In FIGS. 3 to 6 the resulting GDOES profiles of the Ni—Mo—Cr layers are shown, clearly showing a progressing alloying at longer annealing times (0, 1, 4 and 9 minutes respectively). Measurements of the corrosion properties revealed that the samples passivate quickly and show excellent corrosion resistance. By properly selecting the process parameters of the plating and the subsequent annealing, suitable process parameters for an industrial continuous or batchwise coating and annealing line can be easily determined.
FIG. 7 shows the corrosion current density as function of the time for a low-carbon steel substrate with a 2.5 mm NiMo layer and a top layer of 1.0 mm Cr in the as-plated condition (A) and the diffusion annealed condition (B) compared to a 904L steel. The samples were tested in phosphoric acid at a pH of 2, which is a more severe test than the pH4 sulphuric acid test described above.
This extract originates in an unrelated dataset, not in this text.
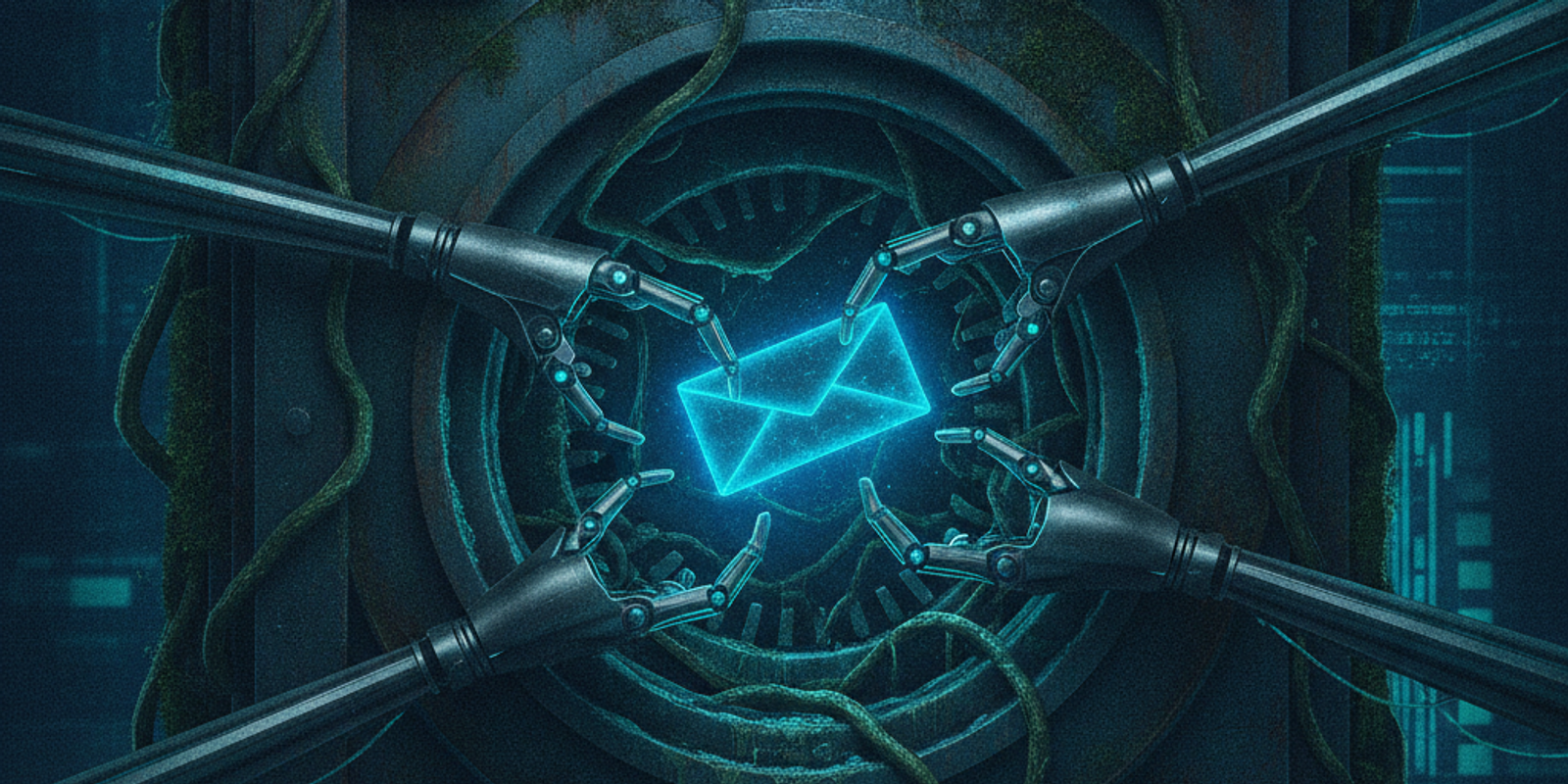 A glowing digital envelope being extracted from a rusted vault, representing domain forensics.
FIG. 7 shows that the as-plated layer performs very poorly under these circumstances, but the diffusion annealed layer shows very low current densities and consequently an excellent passive layer, and shows identical behaviour compared to a 904L steel. The 904L steel has a composition of 19% Cr, 24% Ni, 4% Mo and 1.2% Cu.